# Career in Auto Tuning, UAE ?



## Al-hindi (Jan 7, 2012)

Hi there, I am looking for career opportunity in Auto sector (sp.-tuning,modification), I have bachelors in Automobiles engineering From India. I am about to finish MEM- Masters of Engineering Management from an Australian university here in Dubai. 
All the job openings(Auto.) in Dubai are either in sales or marketing. But I am more inclined towards technical side. Although there are many Auto Tuning firms dealing with engine as well as body works, I am clueless how to get a job. As they dont advertise in news paper or online, how to get in touch with them? should I seek help from some consultancies or recruitment agencies ? Is it safe/legal?

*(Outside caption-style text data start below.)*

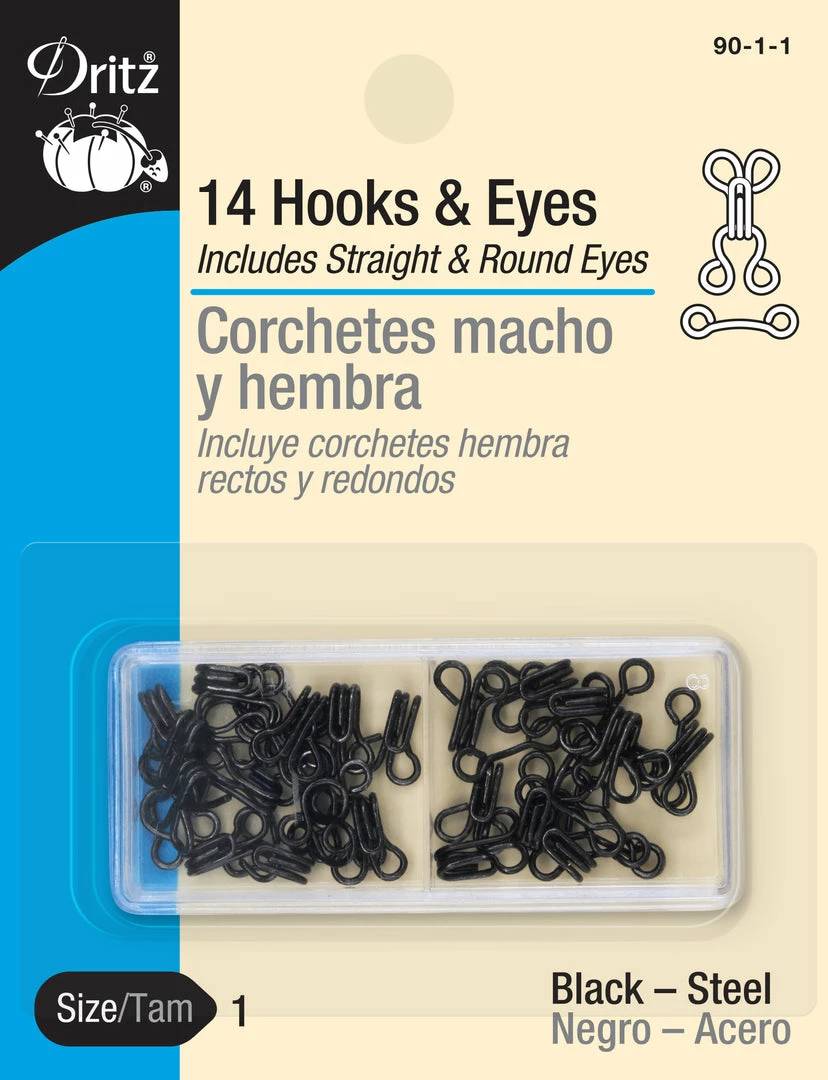 Dritz Hooks & Eyes, 14 Pc, Black 13 Dritz Hooks & Eyes, 14 Pc, Black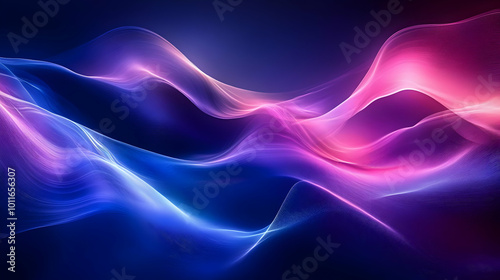 Abstract Background with Glowing Pink and Blue Waves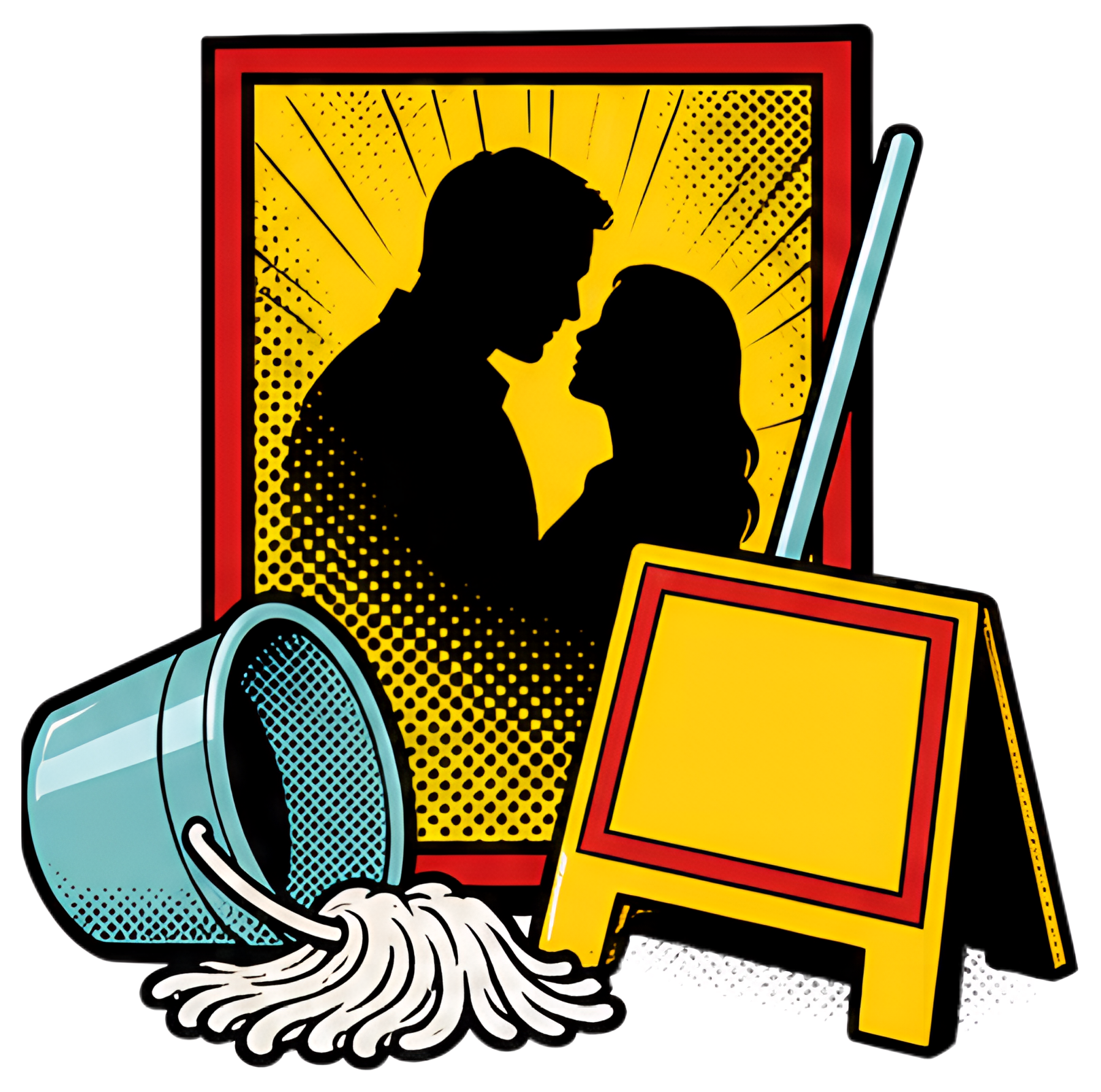 A vibrant illustration featuring an overturned blue bucket and a mop beside a bright yellow sign. In the background, there is a movie poster depicting a couple silhouetted against a radiating burst of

Any Suggestions?

Thank you


----------



## INFAMOUS (Apr 19, 2011)

All I can say is that if you could offer performance tuning here in the UAE on dynos and make a name for yourself you would be extremely successful.... Most tuning here all comes out of the US to the extent that people have tuners flown over...


----------



## BedouGirl (Sep 15, 2011)

I don't think you need to wait till they advertise, you just send your CV off to them on spec. I just googled them for you http://www.google.co.uk/search?q=auto+tuning+in+dubai&ie=UTF-8&oe=UTF-8&hl=en&client=safari


----------



## Al-hindi (Jan 7, 2012)

@infamous, thanx for ur suggestion, thats what my future goal is, but I lack in experience as I am a fresher and the Capital inv. also would be an issue now. So I was thinking to work for some years,learn a few things and then I can start something.

@BedouGirl, thank you, I appreciate it, definitely I should give it a try. let's see what comes out.


----------



## BedouGirl (Sep 15, 2011)

Good luck - let us know...


----------